呼び出し方は簡単で、「計算機」アプリを立ち上げた状態で左下にある電卓のようなボタンをタップし、「計算メモ」を呼び出すだけだ。すると、「メモ」が立ち上がるので、新規メモを追加。そのメモ内に、手書きで計算式を書くと、「=」を記入した瞬間に答えが導き出される。

ボイスメモ「文字起こし」の実力は?

日本語には非対応だが、ボイスメモの文字起こしも使える機能の1つだ。まず、「設定」アプリで「一般」から「言語と地域」を呼び出し、「優先する言語」から「言語を追加」をタップし、「English」を追加。「English」を「日本語」の上にドラッグすると、iPhoneの言語設定が英語に切り替わる。


ボイスメモは英語の文字起こしに対応。
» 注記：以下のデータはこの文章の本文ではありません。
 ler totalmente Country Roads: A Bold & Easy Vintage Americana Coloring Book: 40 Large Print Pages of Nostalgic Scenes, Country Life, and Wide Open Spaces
精度も高かった(筆者撮影)

この状態で「ボイスメモ」を立ち上げ録音を開始したあと、画面左下のスピーチボタンを押すと、文字の書き起こしが始まる。書き起こされた文字は、録音されたデータのメニューを開いて「View Transcript」をタップすると確認できる。

アップルが6月に開催したWWDCの基調講演を冒頭のみ録音してみたが、ティム・クックCEOの発言がかなり正確にテキスト化された。動画の音声を直接USB-C経由でiPhoneに取り込んだため、録音環境はベストに近く、比較的文字起こしはしやすかったと思われるが、初搭載、しかもベータ版の機能としては十分な実力だった。
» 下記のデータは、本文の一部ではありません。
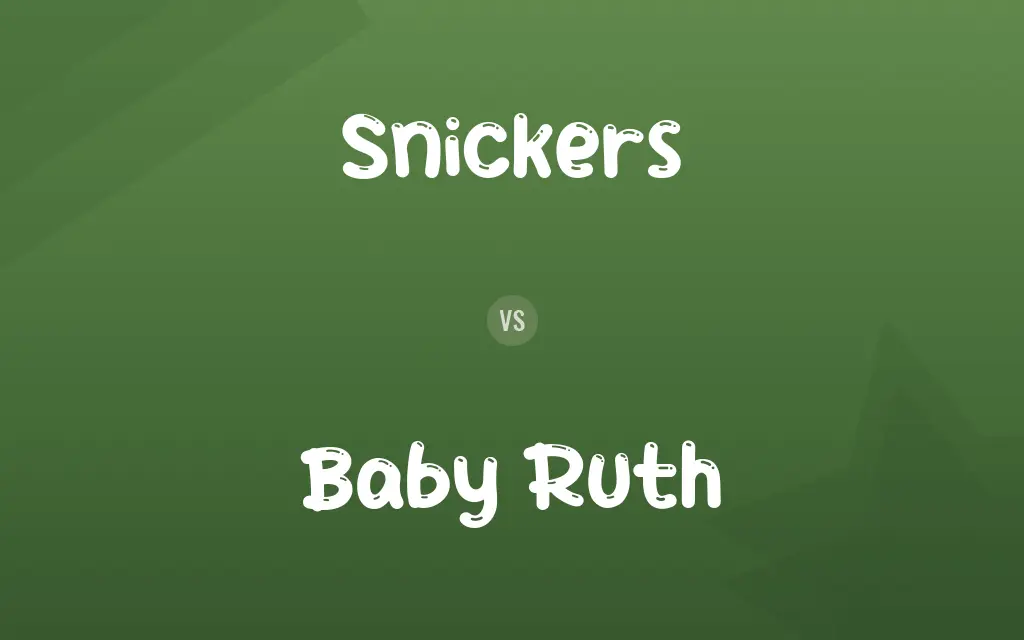 Snickers vs. Baby Ruth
言語設定をわざわざ切り替えるのが面倒だが、英語の発表や講演などを聞く際に役立ちそうな機能だ。

もっとも、録音した音声の文字起こしでは、ライバルのグーグルが先行しており、Pixelシリーズは早くから日本語にも対応している。アップルはむしろ後発で、日本語を含む多言語対応など、まだまだやるべきことは多い。日本語は比較的優遇されており、1年程度のタイムラグでサポートされることも多いため、今後の進化にも期待しておきたい。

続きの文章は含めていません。